(AVAILABLE DATA begins)
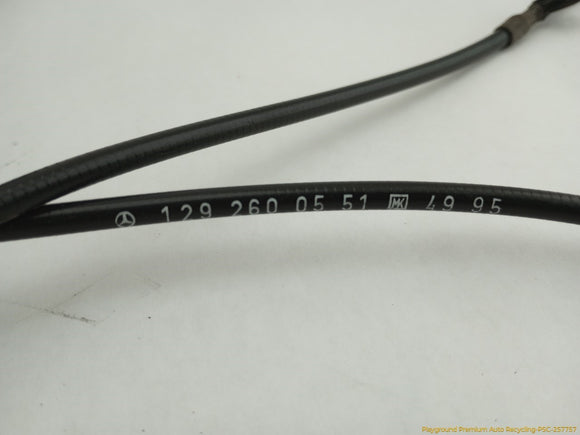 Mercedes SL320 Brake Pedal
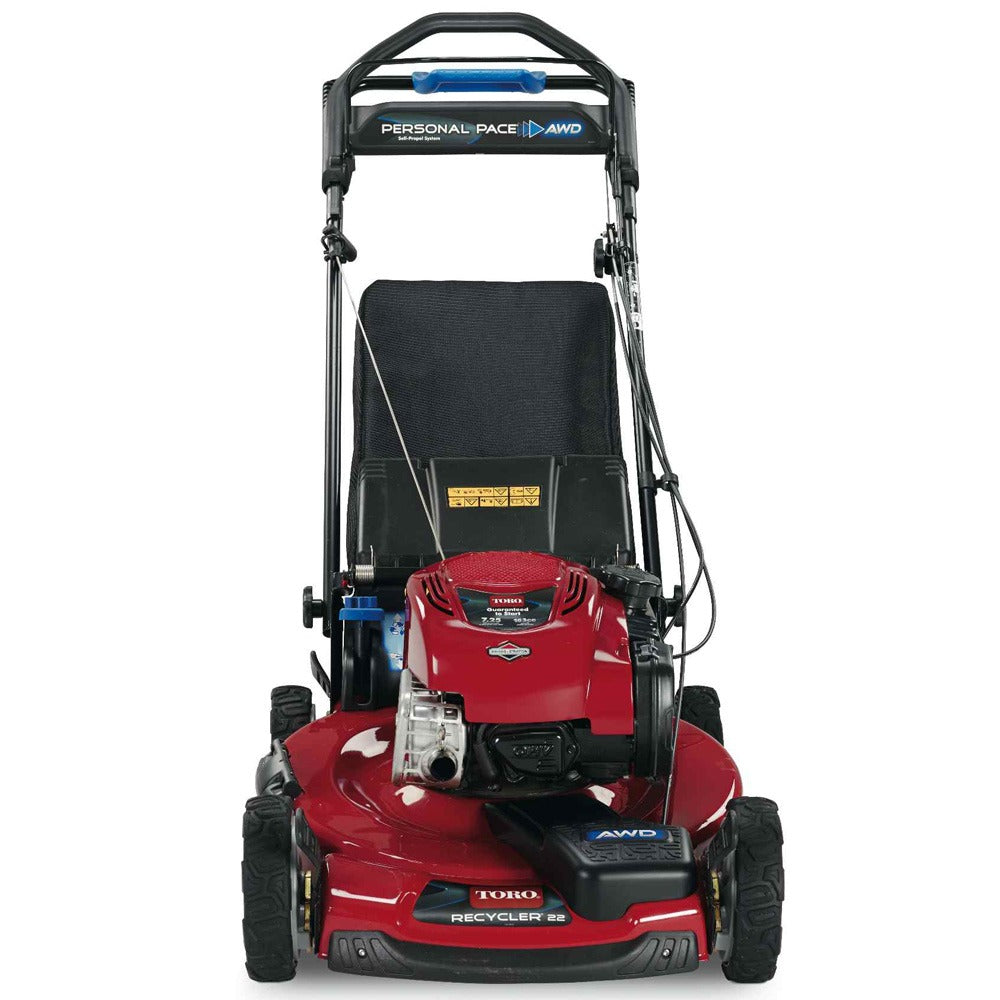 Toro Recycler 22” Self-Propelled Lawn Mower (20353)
(AVAILABLE DATA ends)
(AVAILABLE DATA begins)
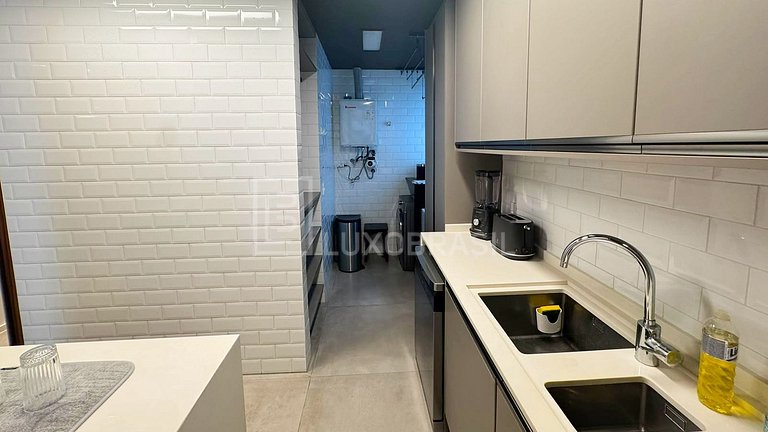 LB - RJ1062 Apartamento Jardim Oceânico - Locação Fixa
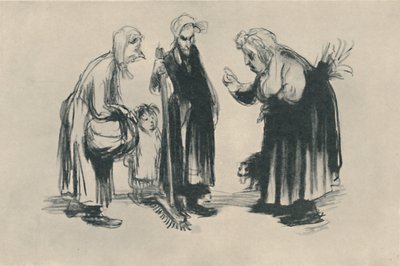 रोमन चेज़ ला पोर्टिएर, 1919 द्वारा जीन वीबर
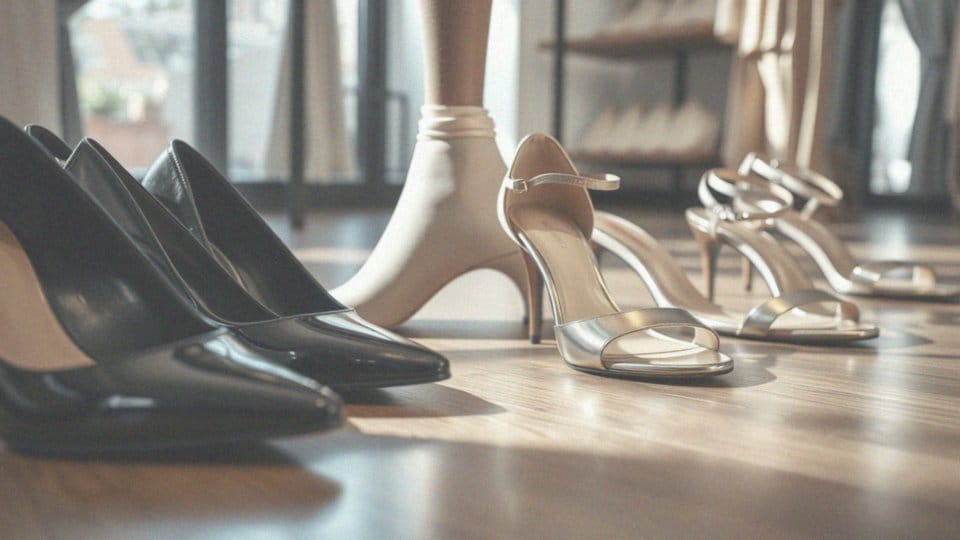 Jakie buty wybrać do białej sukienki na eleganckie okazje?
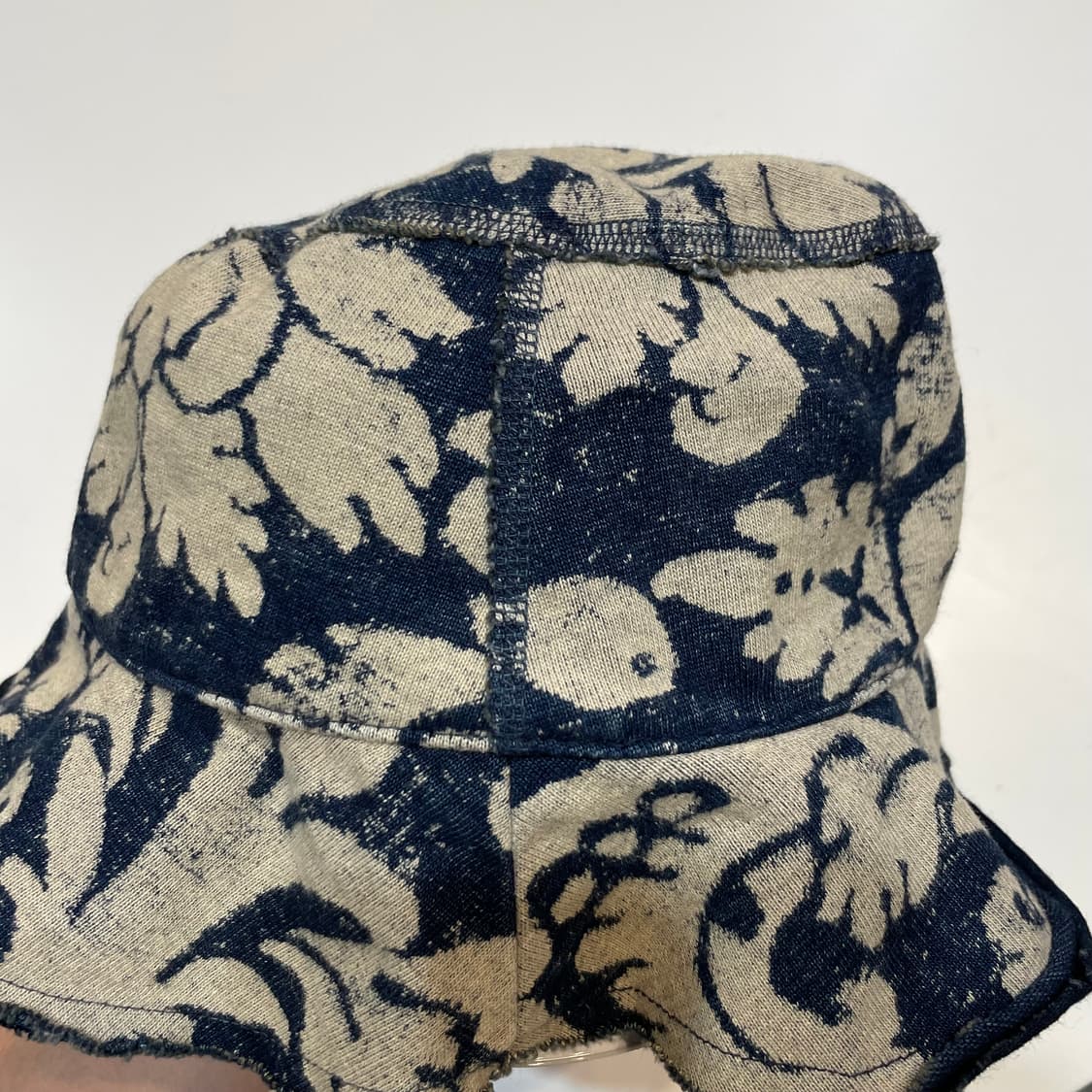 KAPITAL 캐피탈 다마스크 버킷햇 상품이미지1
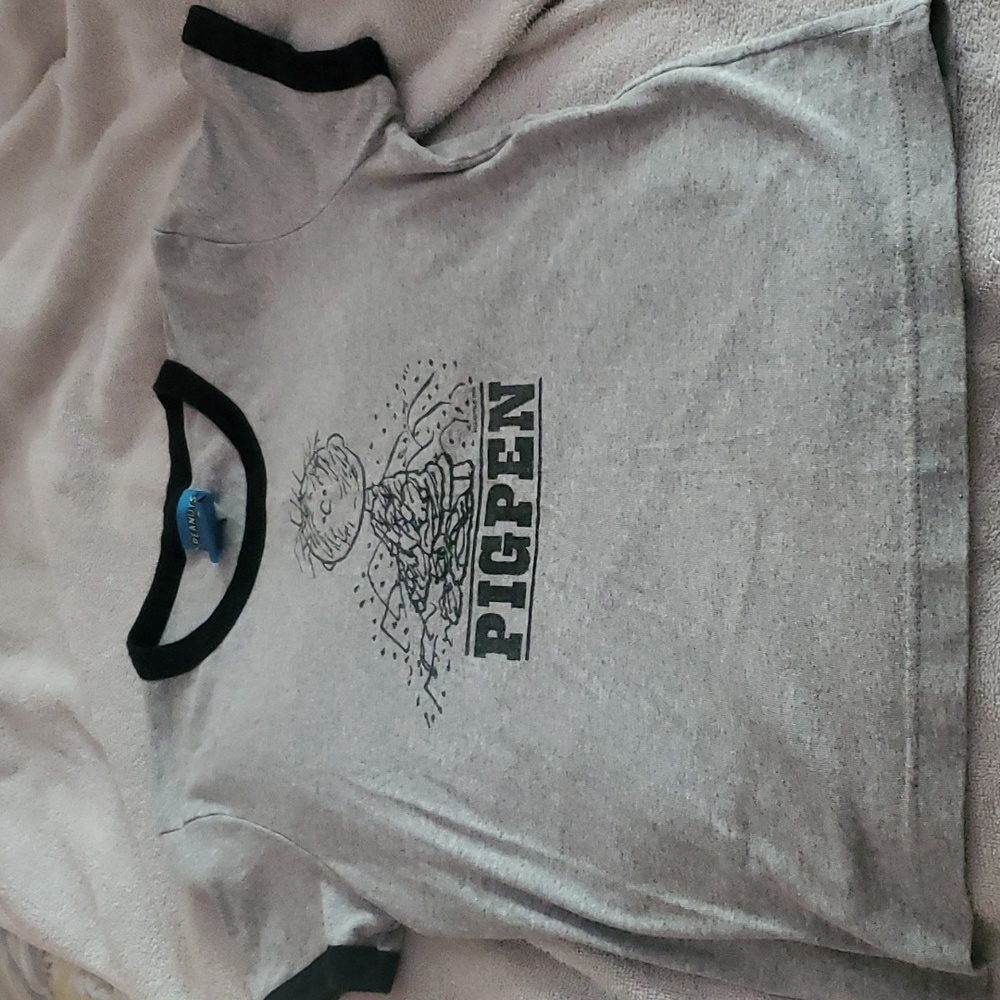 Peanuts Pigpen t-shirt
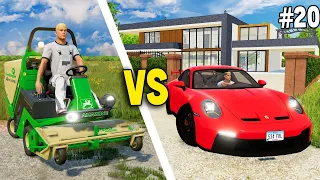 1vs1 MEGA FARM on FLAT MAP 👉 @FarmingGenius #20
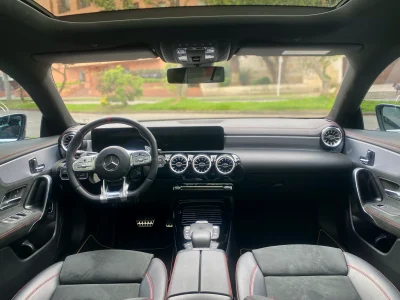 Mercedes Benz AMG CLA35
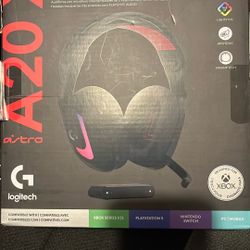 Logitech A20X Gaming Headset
(AVAILABLE DATA ends)
▶ EXERCISE REQUIREMENTS
Although the records above contain pictures, the copy should not; retype exactly the lines from the one containing "Peanuts Pigpen t-shirt" through the one containing "Logitech A20X Gaming Headset".

▶ RESULT OF THIS TASK
 Peanuts Pigpen t-shirt
 1vs1 MEGA FARM on FLAT MAP 👉 @FarmingGenius #20
 Mercedes Benz AMG CLA35
 Logitech A20X Gaming Headset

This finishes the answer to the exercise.